Question

Prove that $\left( \csc \phi -\sin \phi \right)\left( \sec \phi -\cos \phi \right)=\dfrac{1}{\tan \phi +\cot \phi }$.

Answer 1

Hint: We first take the left-hand part of the equation of $\left( \csc \phi -\sin \phi \right)\left( \sec \phi -\cos \phi \right)$. Then we simplify the expressions separately. We convert the denominator using the relation $\sec x=\dfrac{1}{\cos x}$, $\csc x=\dfrac{1}{\sin x}$. Then we use the theorem \[{{\cos }^{2}}x+{{\sin }^{2}}x=1\]. We simplify both denominator and numerator. After elimination we get the right-hand side of the equation.
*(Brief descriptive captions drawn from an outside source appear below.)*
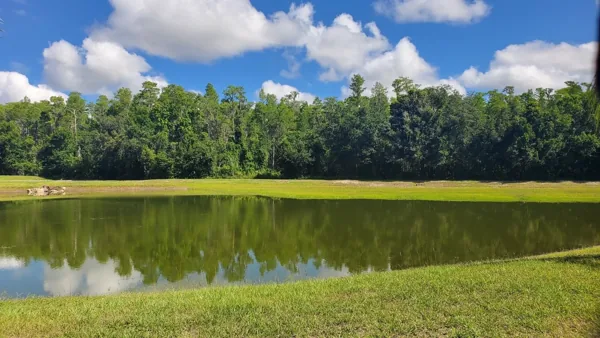 A small pond in the middle of a grassy field with trees in the background.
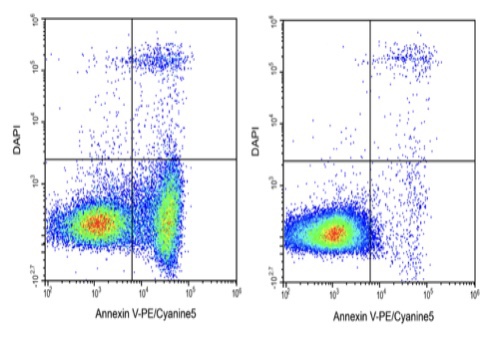 Elabscience®Annexin V-PE/Cyanine5/DAPI细胞凋亡检测E-CK-A264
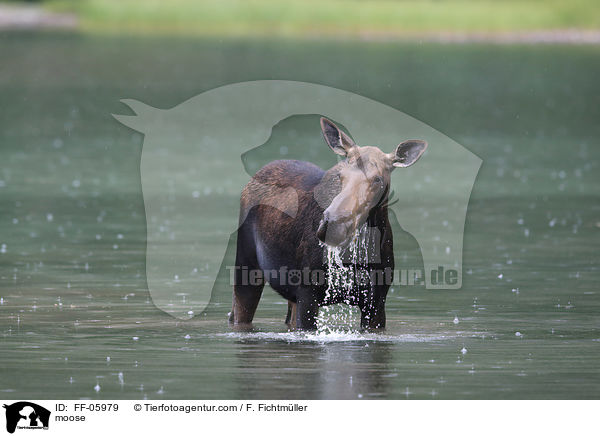 moose / FF-05979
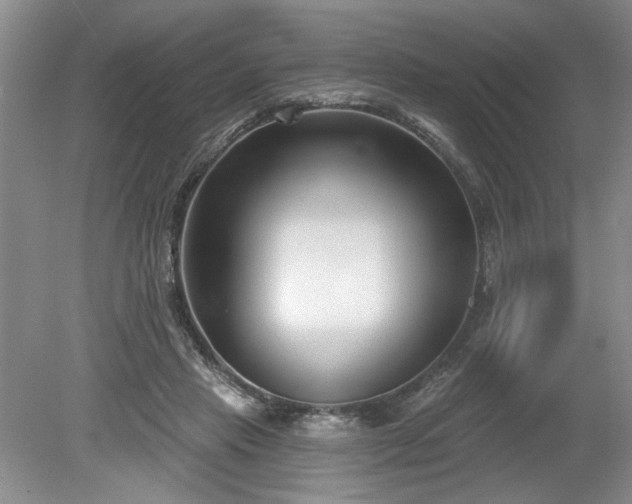 X0000079580453200612081539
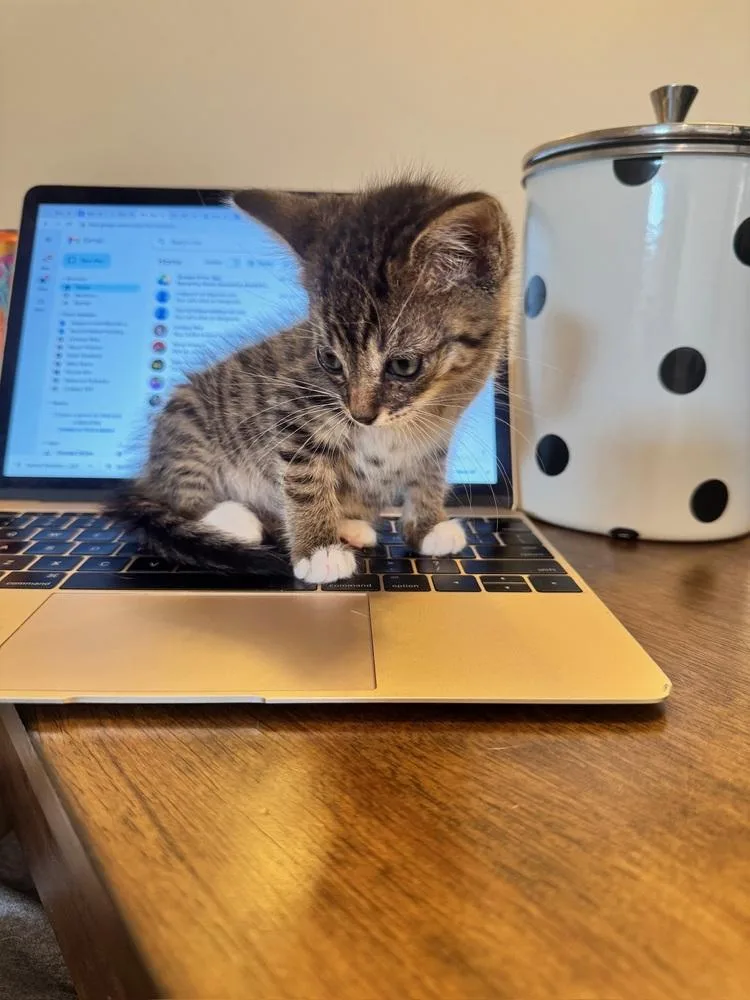 A baby small-sized female Black Domestic Short Hair cat named Jane Doe for adoption in New York, NY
Complete step by step answer:
We try to simplify the trigonometric equation \[\left( \csc \phi -\sin \phi \right)\].
We get \[\csc \phi -\sin \phi \]. We know that $\csc x=\dfrac{1}{\sin x}$. We also have $1-{{\sin }^{2}}x={{\cos }^{2}}x$.
Therefore, $\csc \phi -\sin \phi =\dfrac{1}{\sin \phi }-\sin \phi =\dfrac{1-{{\sin }^{2}}\phi }{\sin \phi }=\dfrac{{{\cos }^{2}}\phi }{\sin \phi }$.
We have to prove the trigonometric equation $\sec \phi -\cos \phi $.
We know that $\sec \phi =\dfrac{1}{\cos \phi }$. We also have $1-{{\cos }^{2}}x={{\sin }^{2}}x$.
Therefore, $\sec \phi -\cos \phi =\dfrac{1}{\cos \phi }-\cos \phi =\dfrac{1-{{\cos }^{2}}\phi }{\cos \phi }=\dfrac{{{\sin }^{2}}\phi }{\cos \phi }$.

The multiplication gives
$\left( \csc \phi -\sin \phi \right)\left( \sec \phi -\cos \phi \right) =\dfrac{{{\cos }^{2}}\phi }{\sin \phi }\times \dfrac{{{\sin }^{2}}\phi }{\cos \phi } \\
\Rightarrow \left( \csc \phi -\sin \phi \right)\left( \sec \phi -\cos \phi \right)=\sin \phi \cos \phi \\ $
We write the simplification as $\sin \phi \cos \phi =\dfrac{\sin \phi \cos \phi }{1}=\dfrac{\sin \phi \cos \phi }{{{\sin }^{2}}\phi +{{\cos }^{2}}\phi }$.
Now we rearrange the expression as
$\dfrac{\sin \phi \cos \phi }{{{\sin }^{2}}\phi +{{\cos }^{2}}\phi }=\dfrac{1}{\dfrac{{{\sin }^{2}}\phi +{{\cos }^{2}}\phi }{\sin \phi \cos \phi }}$
Completing the division, awe get
\[\dfrac{1}{\dfrac{{{\sin }^{2}}\phi +{{\cos }^{2}}\phi }{\sin \phi \cos \phi }}=\dfrac{1}{\dfrac{\sin \phi }{\cos \phi }+\dfrac{\cos \phi }{\sin \phi }} \\
\therefore \dfrac{1}{\dfrac{{{\sin }^{2}}\phi +{{\cos }^{2}}\phi }{\sin \phi \cos \phi }}=\dfrac{1}{\tan \phi +\cot \phi }\]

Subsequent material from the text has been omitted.